Your job is to give again, exactly and with no additions, the lines in the records below from the one with "Good morning everybody, this" through the one with "But we're going", both included. Omit the pictures.

== Data to examine ==

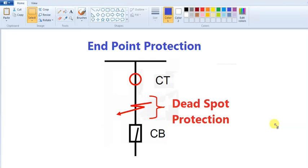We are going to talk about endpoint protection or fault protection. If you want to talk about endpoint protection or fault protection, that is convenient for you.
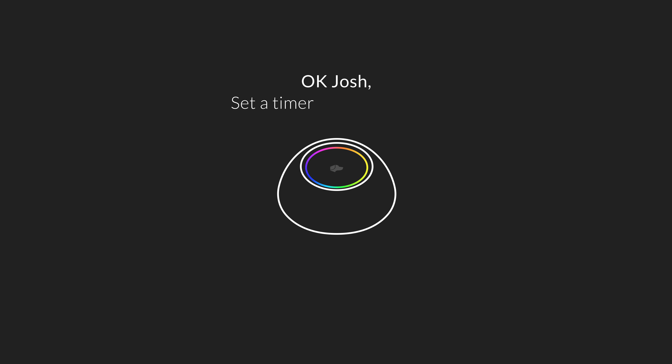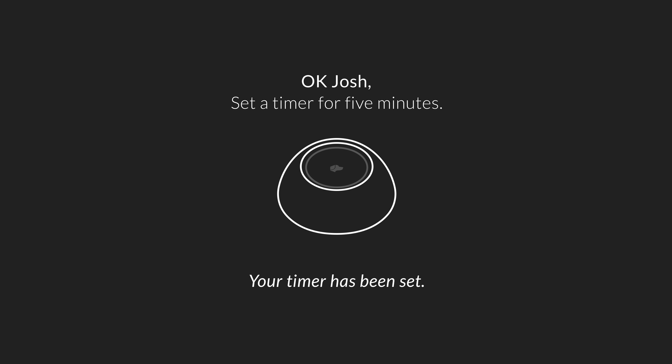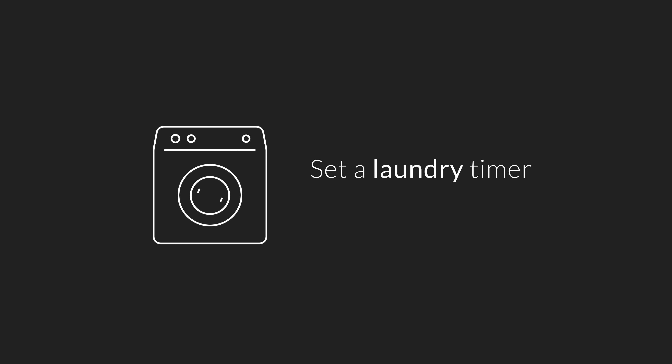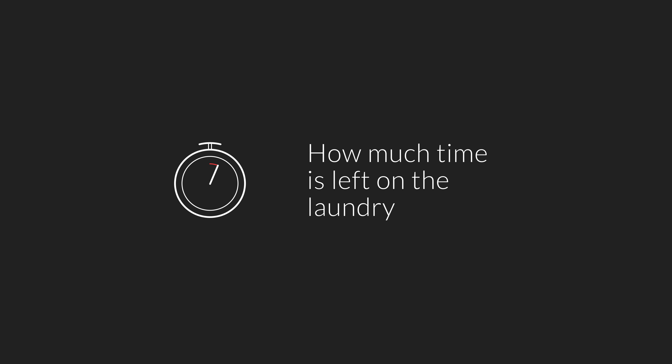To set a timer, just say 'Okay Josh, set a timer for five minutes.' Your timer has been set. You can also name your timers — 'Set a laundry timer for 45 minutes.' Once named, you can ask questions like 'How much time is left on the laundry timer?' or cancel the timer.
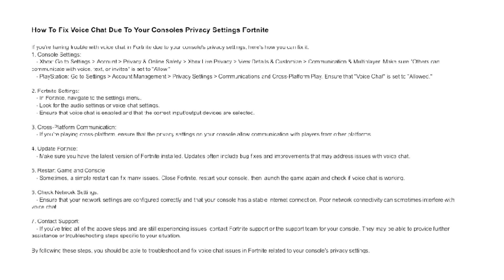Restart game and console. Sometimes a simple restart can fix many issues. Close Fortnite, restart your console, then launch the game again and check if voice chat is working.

===
== Data to examine ==

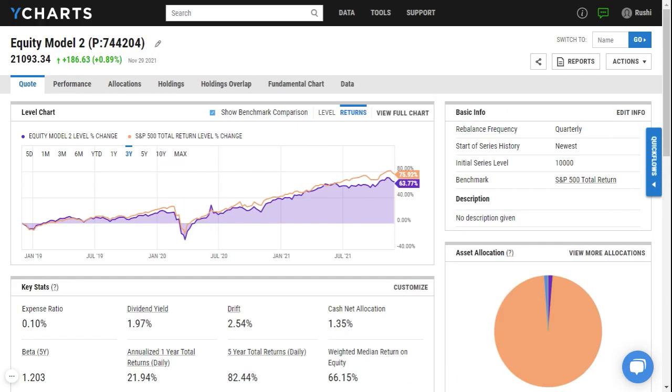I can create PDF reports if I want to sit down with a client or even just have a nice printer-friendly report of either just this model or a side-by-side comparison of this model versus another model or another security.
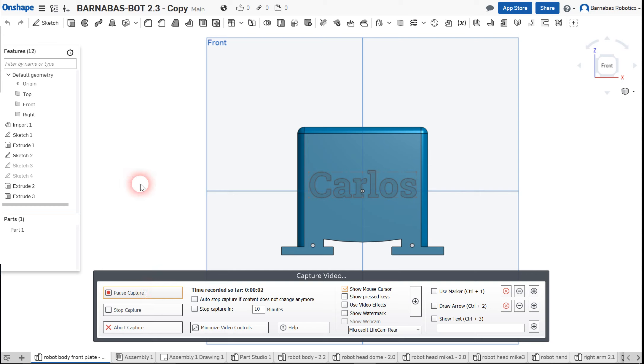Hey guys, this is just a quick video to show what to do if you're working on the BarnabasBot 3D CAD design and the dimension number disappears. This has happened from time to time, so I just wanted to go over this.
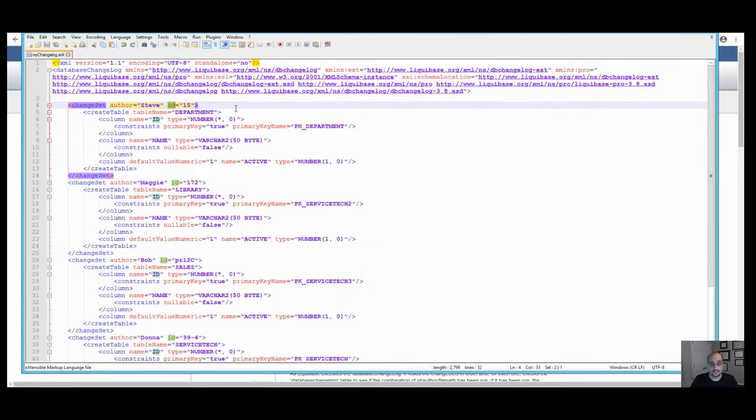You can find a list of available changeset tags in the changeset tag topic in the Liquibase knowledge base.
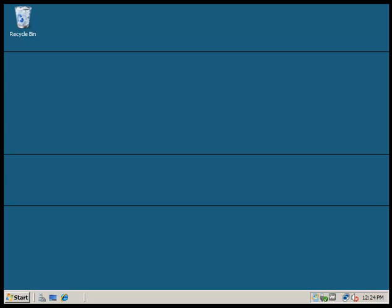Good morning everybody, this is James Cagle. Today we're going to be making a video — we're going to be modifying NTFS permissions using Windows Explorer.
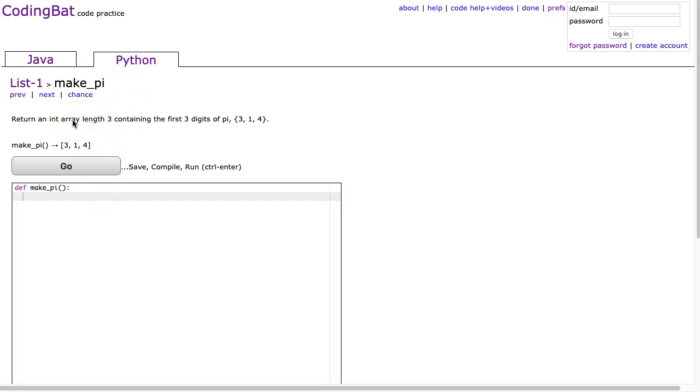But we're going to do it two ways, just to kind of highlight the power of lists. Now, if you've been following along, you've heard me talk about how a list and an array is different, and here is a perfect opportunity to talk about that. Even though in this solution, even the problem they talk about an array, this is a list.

===

- [Response box]
Good morning everybody, this is James Cagle. Today we're going to be making a video — we're going to be modifying NTFS permissions using Windows Explorer.
But we're going to do it two ways, just to kind of highlight the power of lists. Now, if you've been following along, you've heard me talk about how a list and an array is different, and here is a perfect opportunity to talk about that. Even though in this solution, even the problem they talk about an array, this is a list.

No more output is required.